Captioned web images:
:::

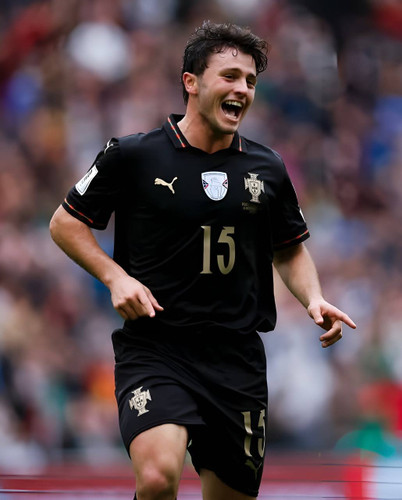 کیت تیشرت فوتبالی پلیری پوما پرتغال 2026 سایز S تاPUMA PORTUGAL 2026 2XL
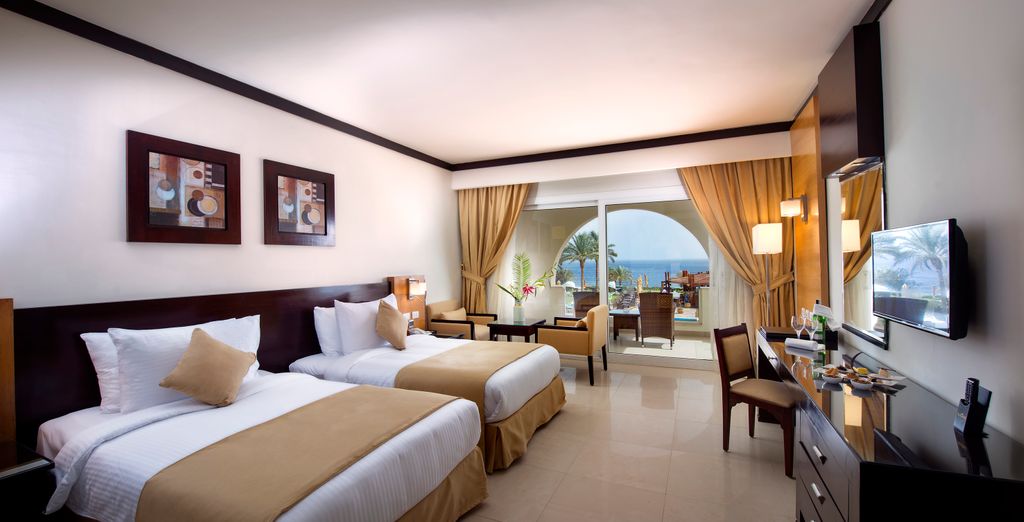 Sunrise Montemare Resort 5*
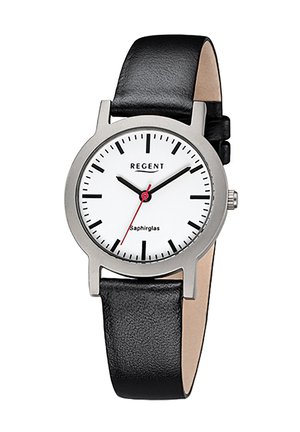 Regent ANALOG TITAN-KOLLEKTION - Montre - schwarz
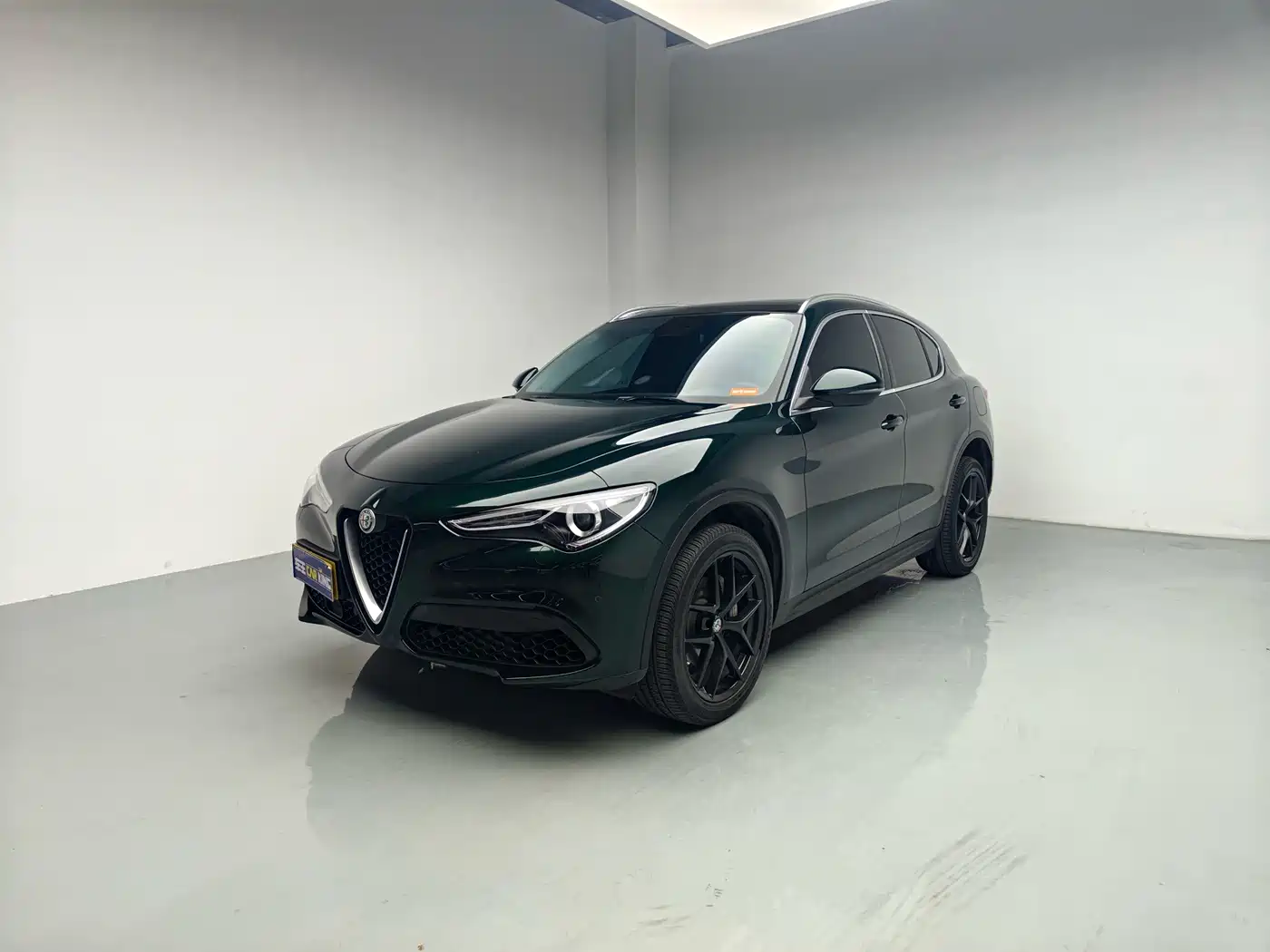 2021 Alfa Romeo Stelvio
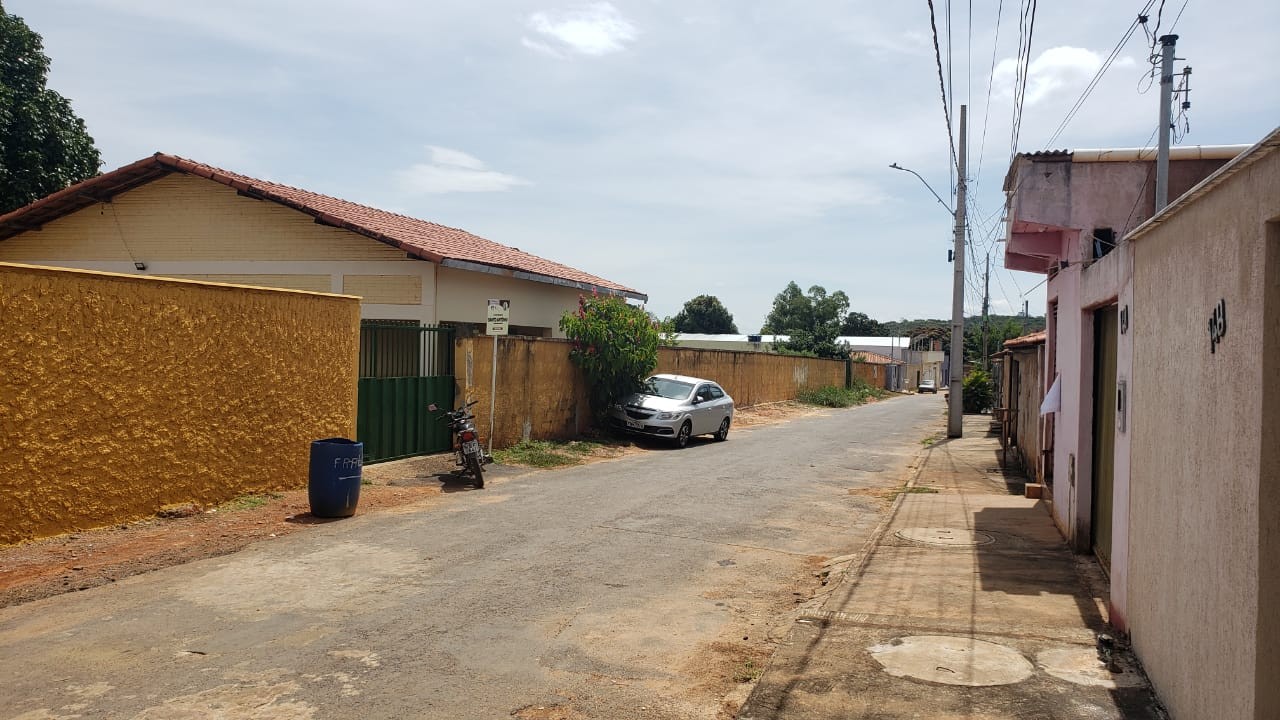 Homem é preso em flagrante enquanto tentava invadir creche, em Bocaiuva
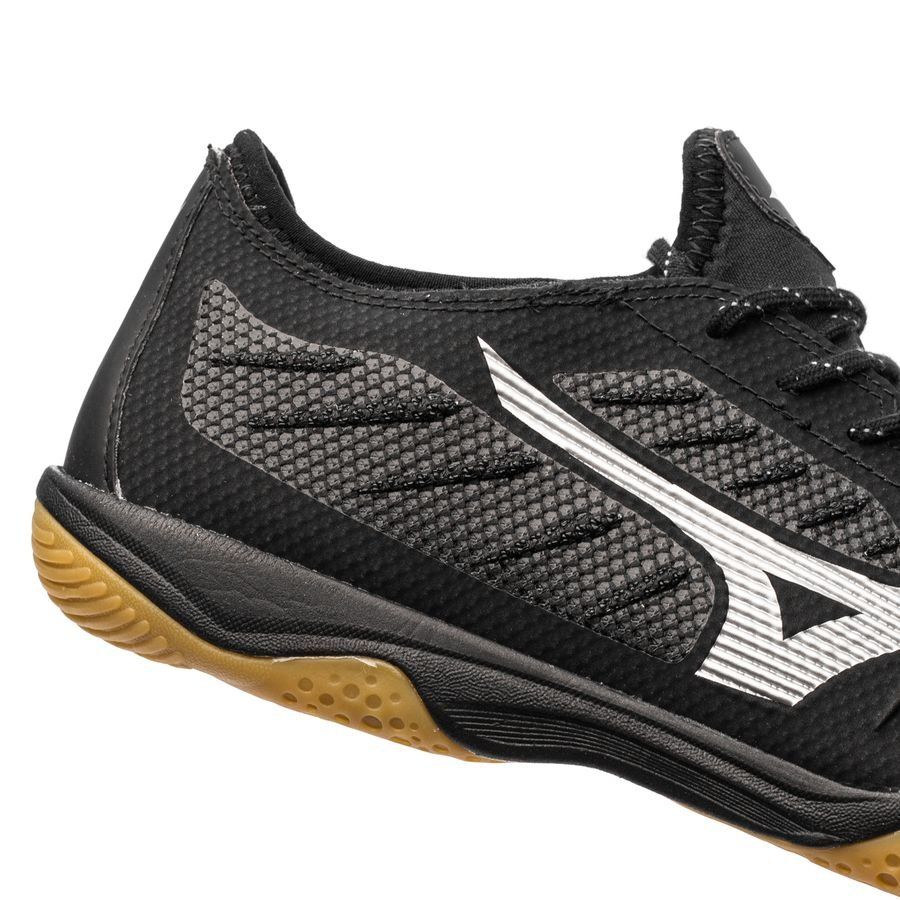 Mizuno Rebula Sala Elite IN - Black/Silver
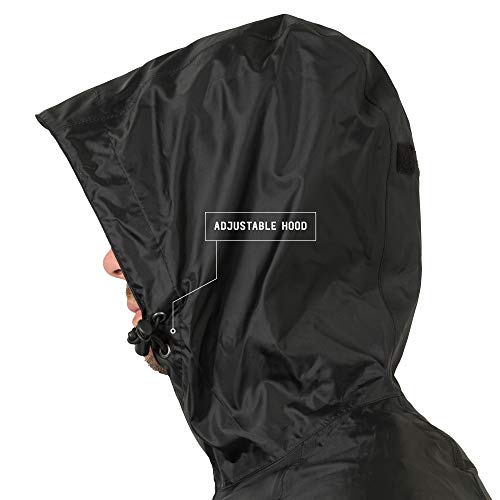 Regenanzug AGU Essential Passat , Regenkleidung Reflektierend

:::

• [Work task]: Each line above must be repeated exactly in the answer, with pictures omitted.

• [Solution]:
 کیت تیشرت فوتبالی پلیری پوما پرتغال 2026 سایز S تاPUMA PORTUGAL 2026 2XL
 Sunrise Montemare Resort 5*
 Regent ANALOG TITAN-KOLLEKTION - Montre - schwarz
 2021 Alfa Romeo Stelvio
 Homem é preso em flagrante enquanto tentava invadir creche, em Bocaiuva
 Mizuno Rebula Sala Elite IN - Black/Silver
 Regenanzug AGU Essential Passat , Regenkleidung Reflektierend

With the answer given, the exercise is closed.